Their food reserves begin to run low. They pass by an old barn which had been the scene of a massacre. There are human heads painted and lifted on pikes. The next morning they wake to the sound of footsteps and see a large group of cruel-looking marauders walking down the road with handmade pikes, followed by a contingent of slaves. “They’re on the move. It’s not a good sign,” says the man (92). They remain in safe hiding and move on.
As the boy and man travel on through the snow, they are weak from hunger. The man struggles to build a fire among the snow in the woods. At night, the dead trees fall with a terrifying sound, and the boy and the man hide, exhausted. The next morning, the boy collapses as they attempt to find their cart. “We’re not going to die,” says the man to the boy, but the boy is dubious (101).
Soon after, upon waking, the man discovers fresh truck tracks a mere fifty feet from the fire around which they had been sleeping. They double their tracks and hide, watching from an elevated position. Soon after, two men arrive, explore their campsite, and leave.

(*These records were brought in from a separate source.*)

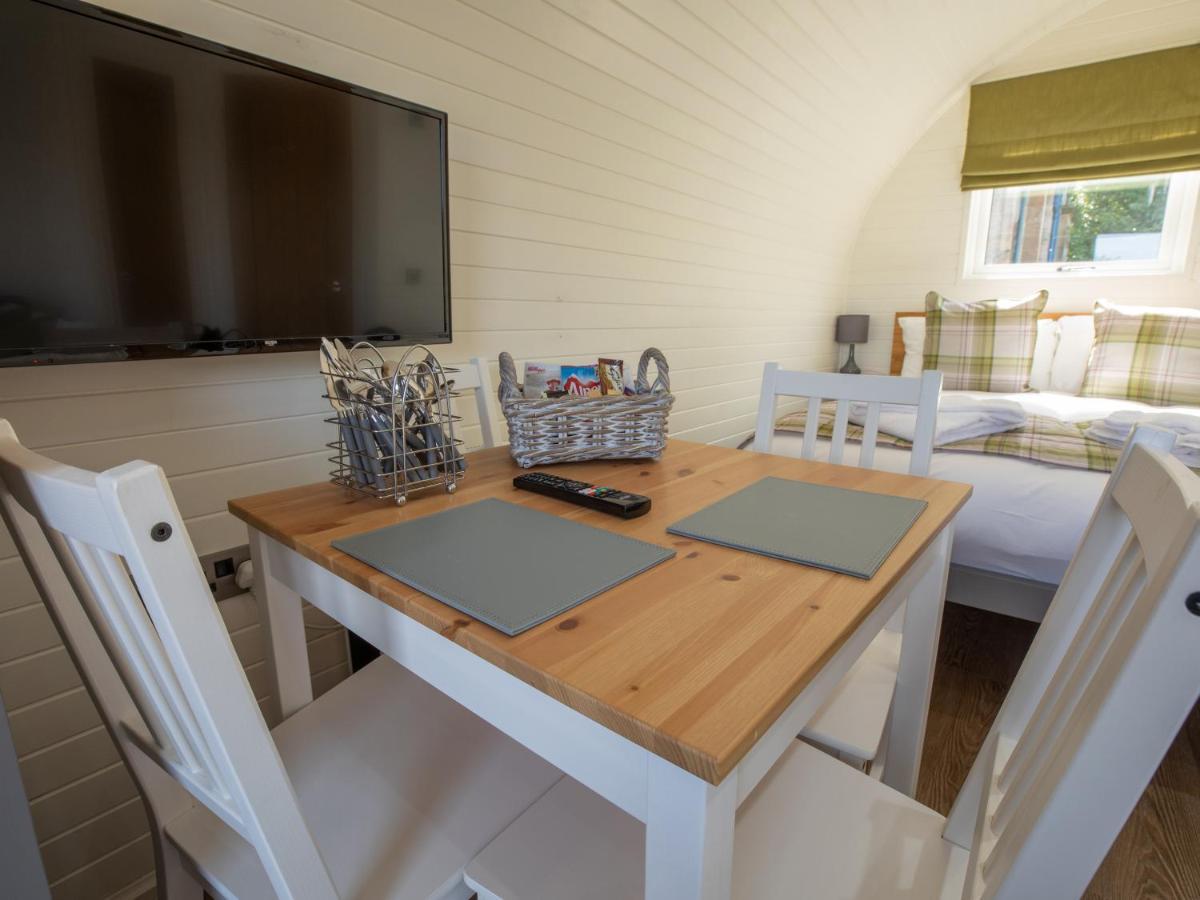 Weedingshall Lodges Falkirk Esterno foto
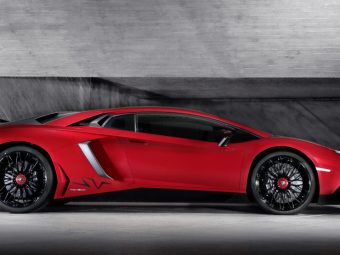 Lamborghin-Aventador-LP750-Super-Veloce-Profile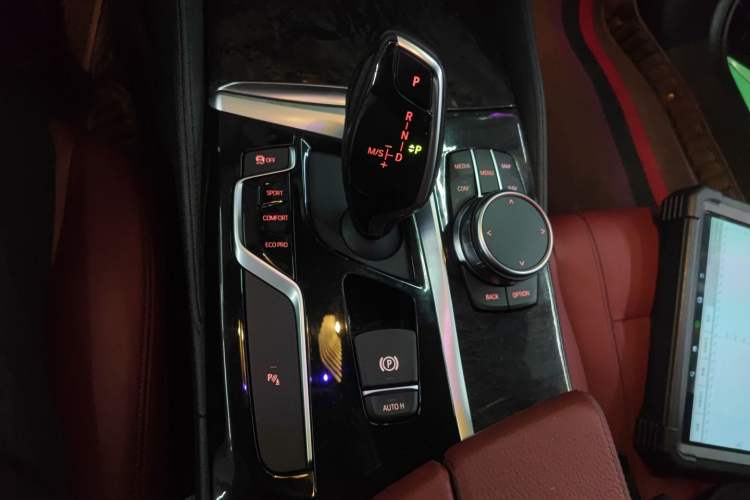 Used BMW 5 Series 2019 530Li Leading Model M Sport Package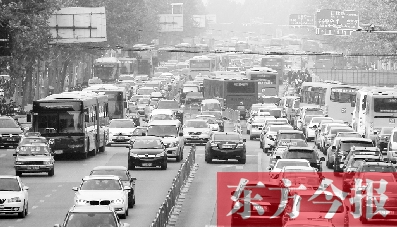 昨日下午4點，在花園路與黃河路口附近，車堵成了“一鍋粥”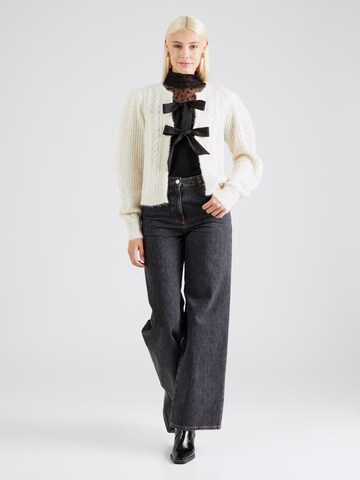 Cardigan 'Row' PIECES en beige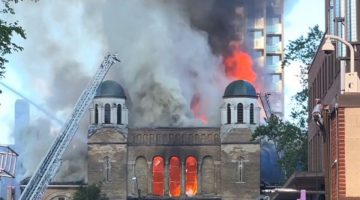 بعد حريق كنيسة تورونتو التاريخية كندا تفقد أحد أبرز معالمها وقطعها الفنية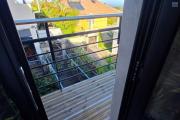 A louer grand appartement F4 au dernier &eacute;tage avec magnifique vue mer et montagne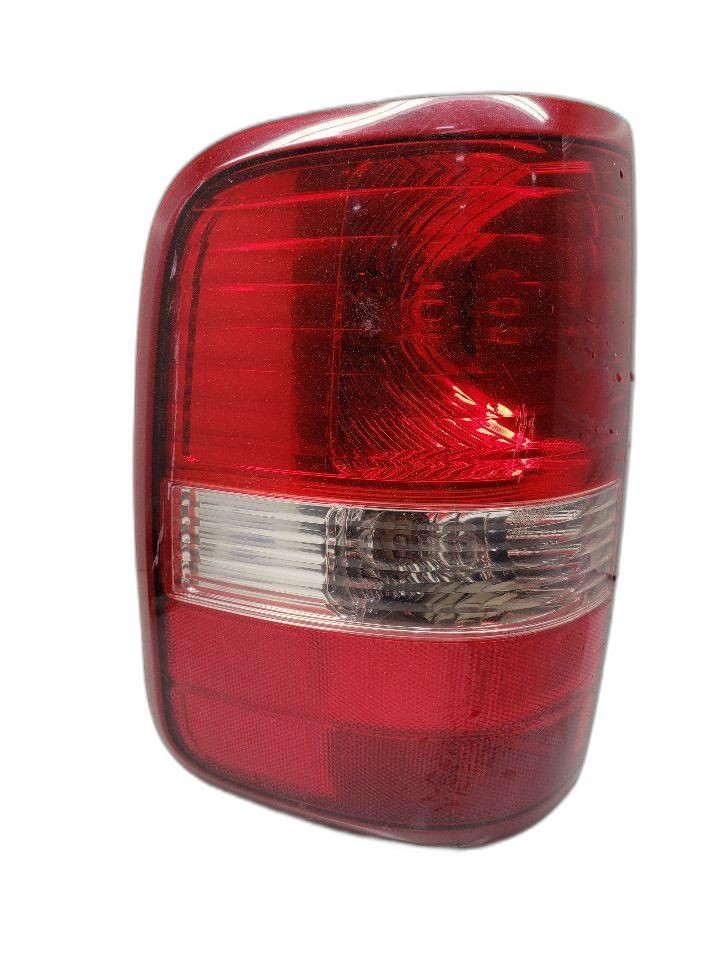 04-09 Ford F150 Pickup Driver Left Tail Light Flareside 1344651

After five days without eating, the man and the boy come upon a grand house on the outskirts of a small town. They explore the house and find evidence of recent habitation, with piles of clothing heaped in the corners. The boy is terrified. They discover the remnants of an old pig farm, and behind it a cellar. When the man pries open the cellar, they discover naked human prisoners, many with missing and cauterized limbs. The prisoners, who are apparently victims of cannibals, plead for help from the terrified outsiders. Just then, six people appear on the horizon, aggressively coming toward the cellar. The man and the boy make a mad dash to escape across an open field and into a nearby wood. They hide, and the man tries desperately to stifle a cough. He hands the boy the pistol with the one bullet in the chamber. “You know how to do it. You put it in your mouth and point it up” he whispers (113). The boy is unable to process what the man is telling him. That night, as screams emanate from the farm, they leave under cover of darkness, disoriented and afraid.
Later, the starving and delirious man leaves the unconscious boy and explores another nearby barn. There, he finds a few dried apples, a packet of powdered grape drink, and a covered cistern filled with fresh water. This refreshes them, but that night a freezing rain darkens their morale. Later, the boy reveals that he dropped the lighter in the previous panic. He also says he understands that if they’d stopped to help the prisoners, they would have died, too. After traveling a while, the boy needs reassurance that they would never eat people, and the man provides it.
They travel three more days in a state of starvation. The man worries that his reluctance to wake from sleeping and dreaming is a sign that he is ready to die. At the far edge of a small town, they find an unpromising home, empty except for a small tank of gas from which the man fashions a lamp. Further investigation reveals a three by six door buried under a few inches of earth. The boy is reluctant to open it, but after some soothing words, the desperate man opens the door and walks in. “This is what the good guys do,” he says. “They don’t give up,” (137). Inside, he finds an emergency bunker filled with supplies, including a multitude of canned goods, a cooking stove, and simple cots: “the richness of a vanished world” (139).
The pair eat. As the boy sleeps, the man takes a complete inventory. Besides a year’s worth of food, he finds new clothes, batteries, cleaning and hygiene supplies, and gold krugerrands which he ignores. The bunker features a chemical toilet and stockpiles of ammo but no gun. The man and the boy sleep and eat for two days, but the man begins to worry about the visibility of the uncovered door and realizes that they must soon travel again. During a meal of coffee, ham, and biscuits the boy prays for the people who built the bunker.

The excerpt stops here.